TF/Keras inference 4 times faster with FP32 precision than with FP16

Hi, I know that there is no datasheet (source), but I have found preliminary datasheet: link. From there and from this_site
I conclude that Jetson Nano has ~500 GFLOPS of FP16 precision and god-knows how many FP32 precision, but I thought that Nano is FP16 oriented.

But I accidentally compared fp32 and fp16 inference time of standard Keras MobileNet model – FP16 inference time is x4 slower, why so?

My code:

import tensorflow as tf
import numpy as np
import tensorflow.contrib.keras as K


config = tf.ConfigProto()
config.gpu_options.allow_growth = True
tf.Session(config=config)


# FP32
K.backend.clear_session()
K.backend.set_learning_phase(0)
K.backend.set_floatx('float32')
with K.backend.get_session():
    mobilenet = tf.keras.applications.mobilenet.MobileNet(input_shape=None, alpha=1.0, depth_multiplier=1, dropout=1e-3, include_top=True, weights='imagenet', input_tensor=None, pooling=None, classes=1000)

    tmp = (np.random.standard_normal([1, 224, 224, 3]) * 255).astype(np.uint8)
    img = tmp.astype(np.float32)
    outs = mobilenet(img)


%timeit -n1 -r1  outs = mobilenet(img)
>> 1.08 s ± 0 ns per loop (mean ± std. dev. of 1 run, 1 loop each)

%timeit -n1 -r2  outs = mobilenet(img)
>> 1.08 s ± 8.53 ms per loop (mean ± std. dev. of 2 runs, 1 loop each)

%timeit -n1 -r10  outs = mobilenet(img)
>> 1.07 s ± 5.48 ms per loop (mean ± std. dev. of 10 runs, 1 loop each)

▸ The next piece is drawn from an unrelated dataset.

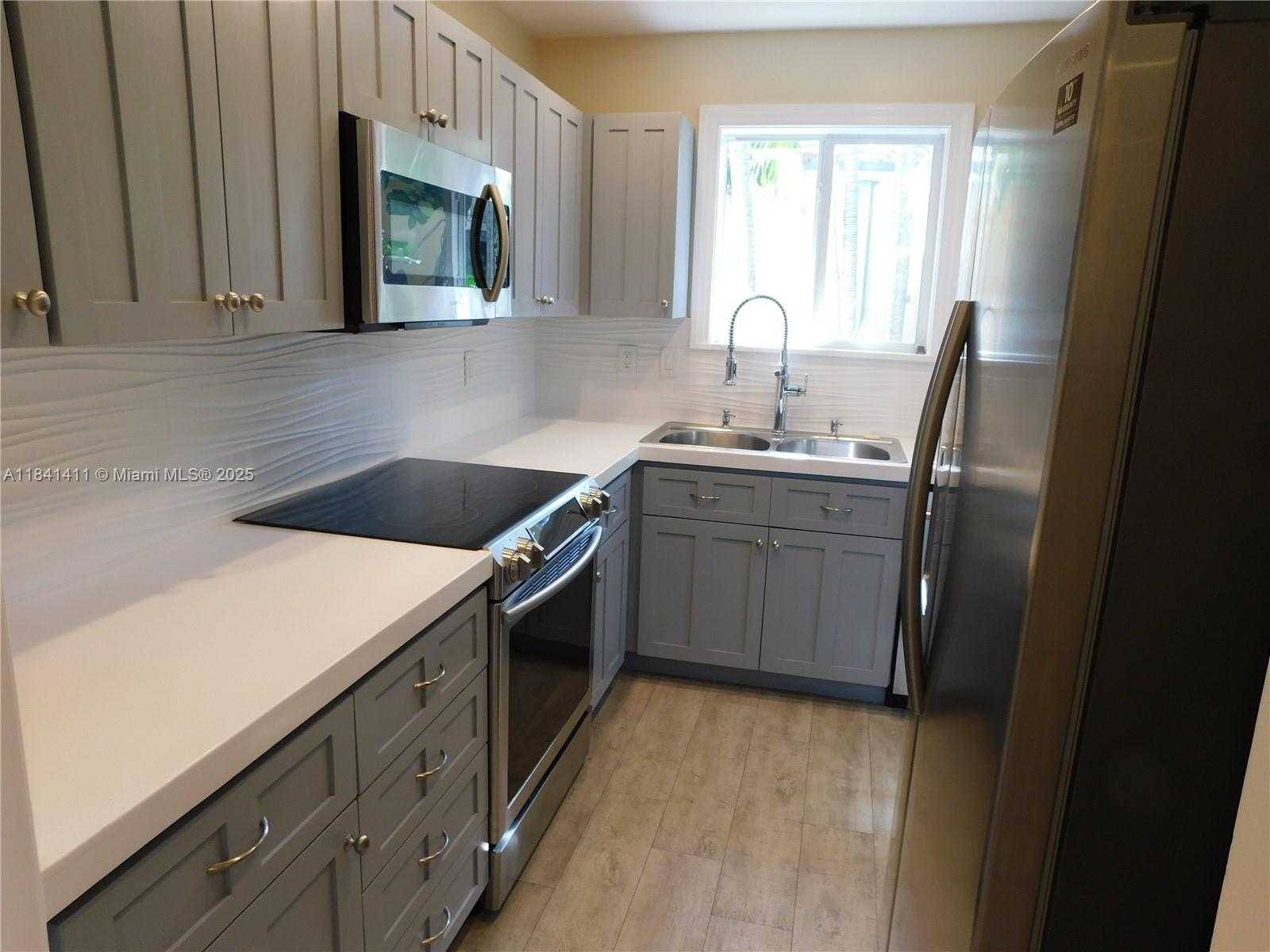 Small Image of 2375 SOUTH WEST 21ST TER, Miami Number 8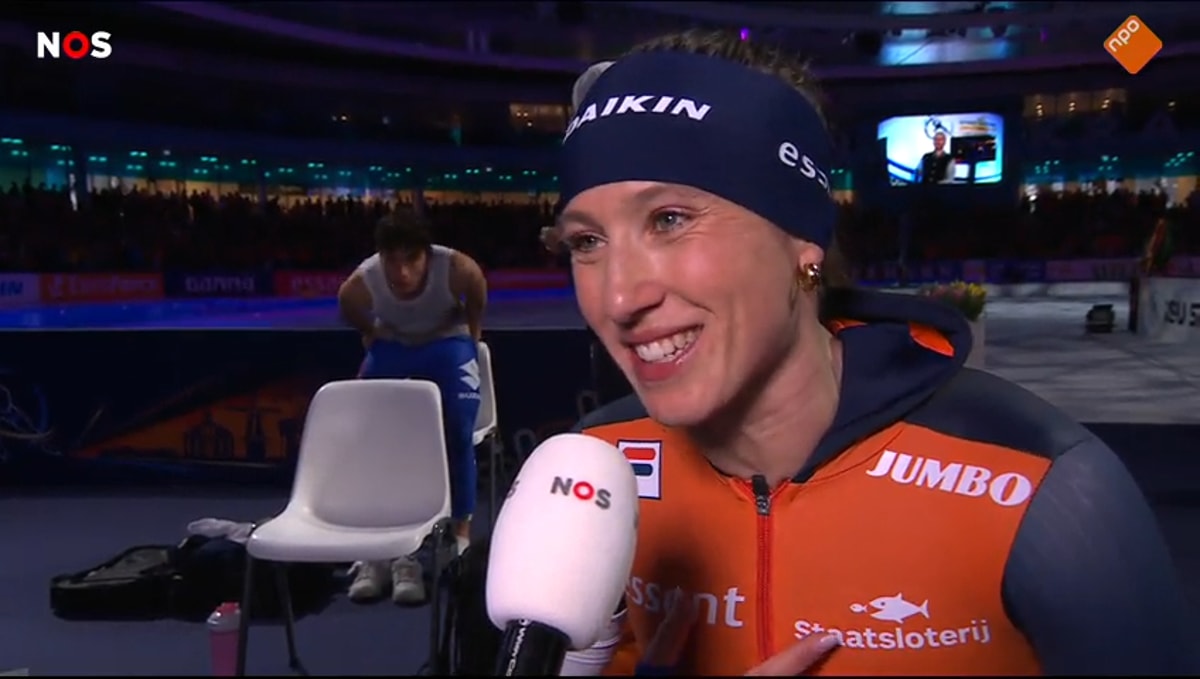 Suzanne Schulting voor de camera van de NOS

%timeit -n1 -r20  outs = mobilenet(img)
>> 1.09 s ± 22.3 ms per loop (mean ± std. dev. of 20 runs, 1 loop each)


# FP16
K.backend.clear_session()
K.backend.set_learning_phase(0)
K.backend.set_floatx('float16')
with K.backend.get_session():
    mobilenet = tf.keras.applications.mobilenet.MobileNet(input_shape=None, alpha=1.0, depth_multiplier=1, dropout=1e-3, include_top=True, weights='imagenet', input_tensor=None, pooling=None, classes=1000)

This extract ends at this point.